The New York City Department of Buildings (DOB) has extended the deadline by which all workers must complete 30 hours of construction safety training from Dec. 1, 2018, to June 1, 2019, according to www.constructiondive.com.
Supervisors will need 62 hours of training by the new deadline, and workers must take an additional 10 hours—for a total of 40 hours—by Sept. 1, 2020. Workers can meet the requirement by completing a 30-hour Occupational Safety and Health Administration (OSHA) training course; 10-hour OSHA class with 20 hours of additional training (eight hours of fall-prevention training, an eight-hour site safety manager refresher and four hours of scaffold training); a DOB-approved 100-hour training course; or via previous experience plus four hours of additional training for fall prevention and scaffold training.
Although the department provided no reason for the delay, the city reportedly determined the number of providers was insufficient to meet demand. Instead of imposing fines and penalties and potentially shutting down job sites, building officials decided to extend the deadline.
"This doesn't change the end result in terms of what the legislation was seeking," Louis Coletti, head of the Building Trades Employers' Association of New York City, told Crain's New York Business. "But it provides a more reasoned approach on how to get there in a way that won't be disruptive."
The original version of the law was more stringent; in response to increasing construction worker injuries and deaths, city officials proposed a series of reforms, including the requirement that workers complete 59 hours of safety training and an apprenticeship program or its equivalent. However, companies in New York's nonunion construction sector fought the apprenticeship requirement, arguing that unions sponsored nearly 50 percent of such programs in the city to boost their own membership.

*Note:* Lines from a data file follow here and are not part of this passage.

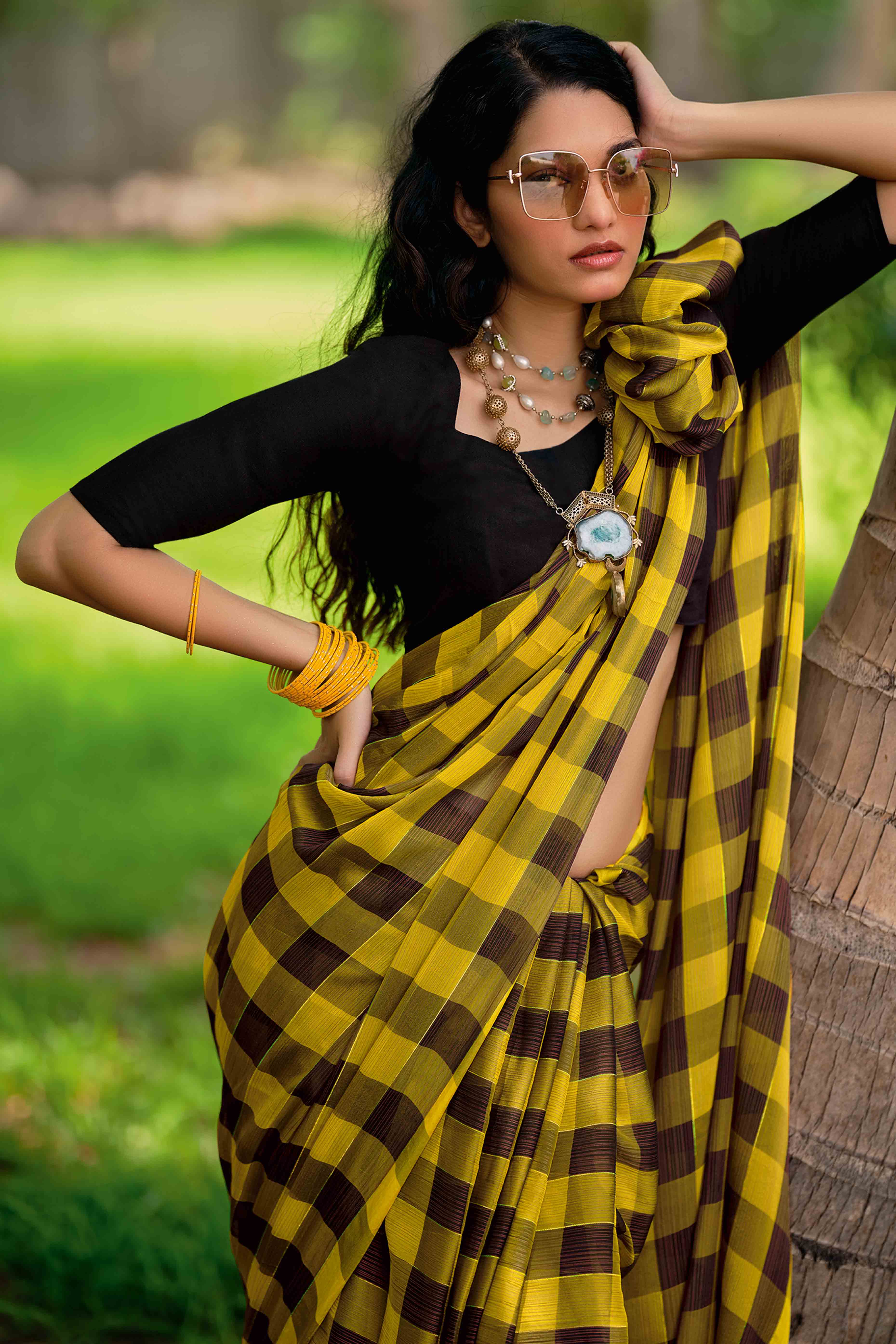 Mustard With Intricate Black Weaving Checks Georgette Saree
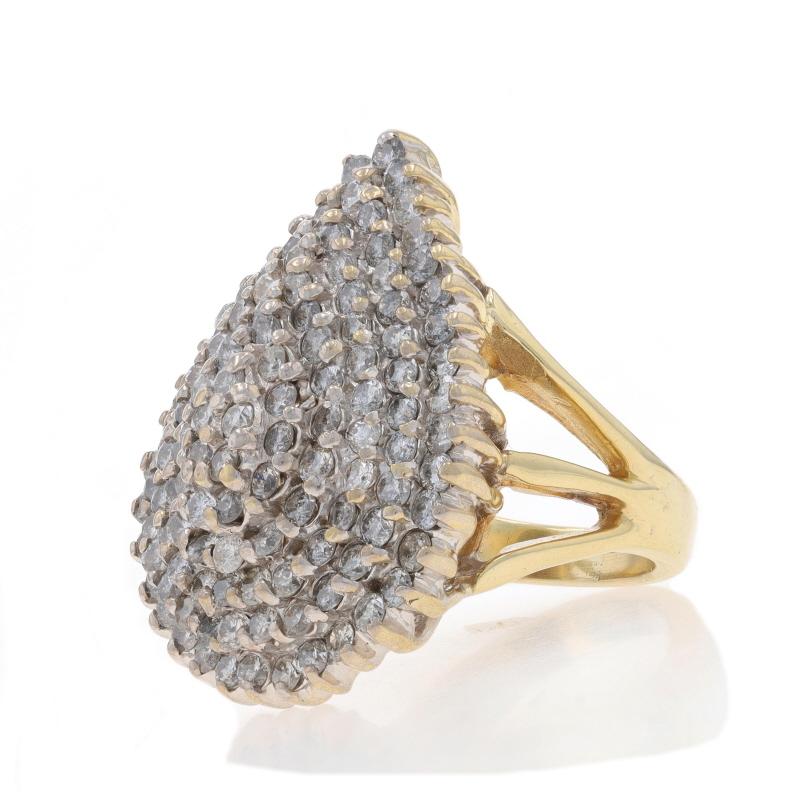 Gelbgold Diamant-Cluster-Cocktail-Ring - 10k Runde Brillant 4,00ctw Teardrop (Rundschliff) im Angebot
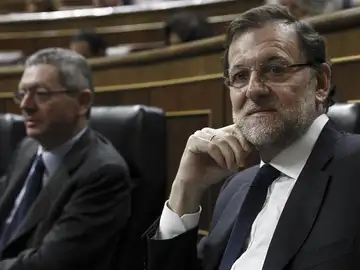 Mariano Rajoy y Alberto Ruiz-Gallardón, en el Congreso Mariano Rajoy y Alberto Ruiz-Gallardón, en el Congreso
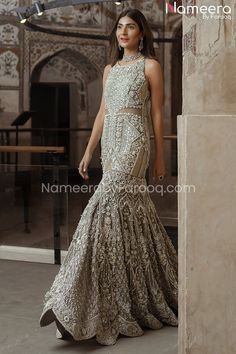 Buy Pakistani Bridal Dresses-Latest Pakistani Fishtail Dress For Bride Online-Pakistani Bridal Wear With Dabka, Nagh, Zari, Embroidery, Patch Work In USA, UK, Canada, Australia Visit Now : www.NameerabyFarooq.com or Call / Whatsapp : +1 732-910-5427 Mehndi Dress Bridal, Trail Gown, Gown Pakistani, Mehndi Design Bridal, Asian Bridal Wear, Dress For Bride, Bridal Mehndi Dresses, Haldi Outfits, Walima Dress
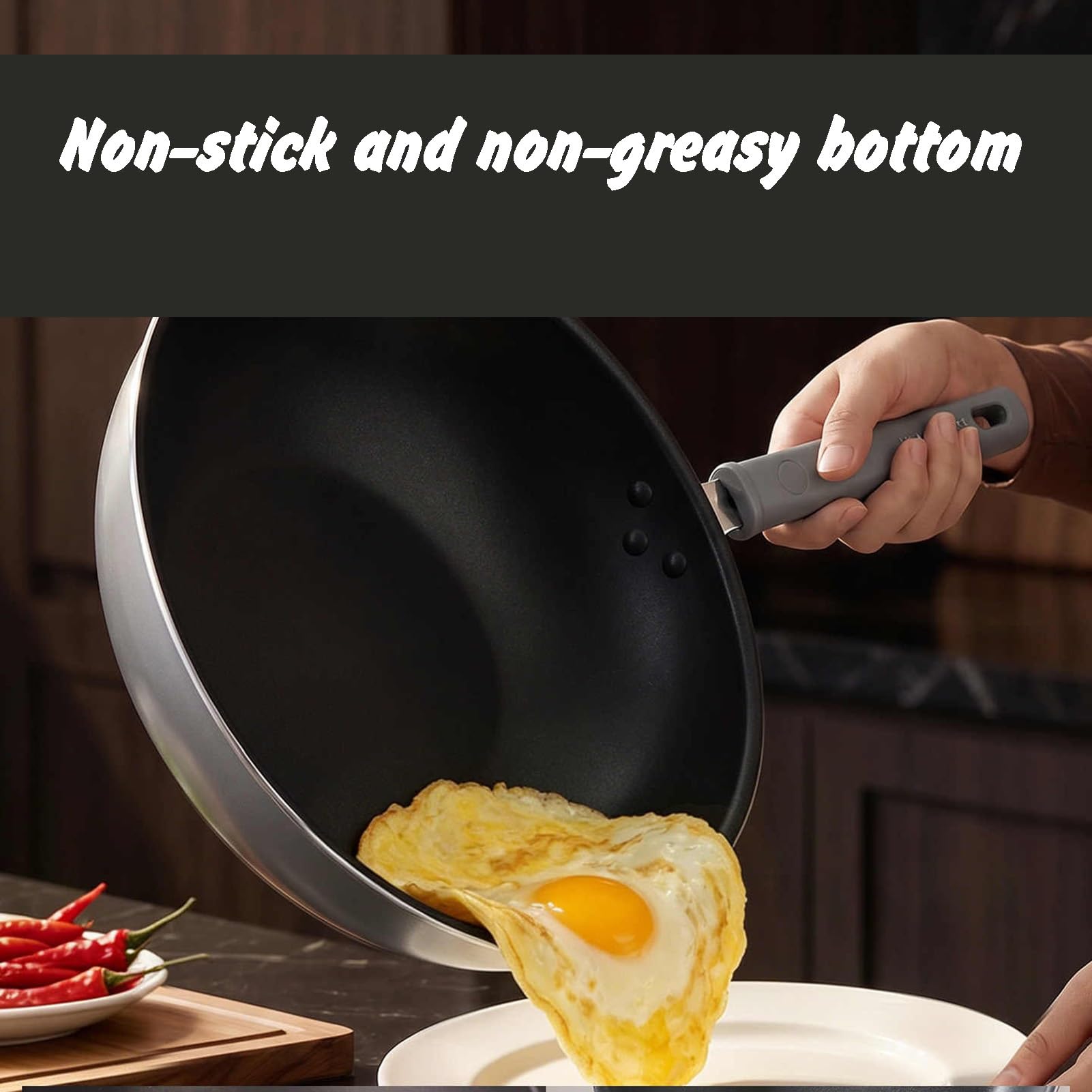 Genérico Wok De Cocina Grande, Aleación Aluminio Con Tapa, Sartén Antiadherente Previamente Sazonada, Utilizado For Saltear Estofar Al Vapor Y Asar Alimentos(28cm)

Although lawmakers ditched the apprenticeship requirement and reduced the total required training hours to 40, some nonunion developers and construction companies say even the 40-hour mandate will cause small businesses to struggle financially.
The number of New York construction accidents increased more than 18 percent during the first seven months of 2018 when compared with the same period in 2017. The number of injuries increased by about 17 percent, and the number of construction-related deaths doubled from four to eight.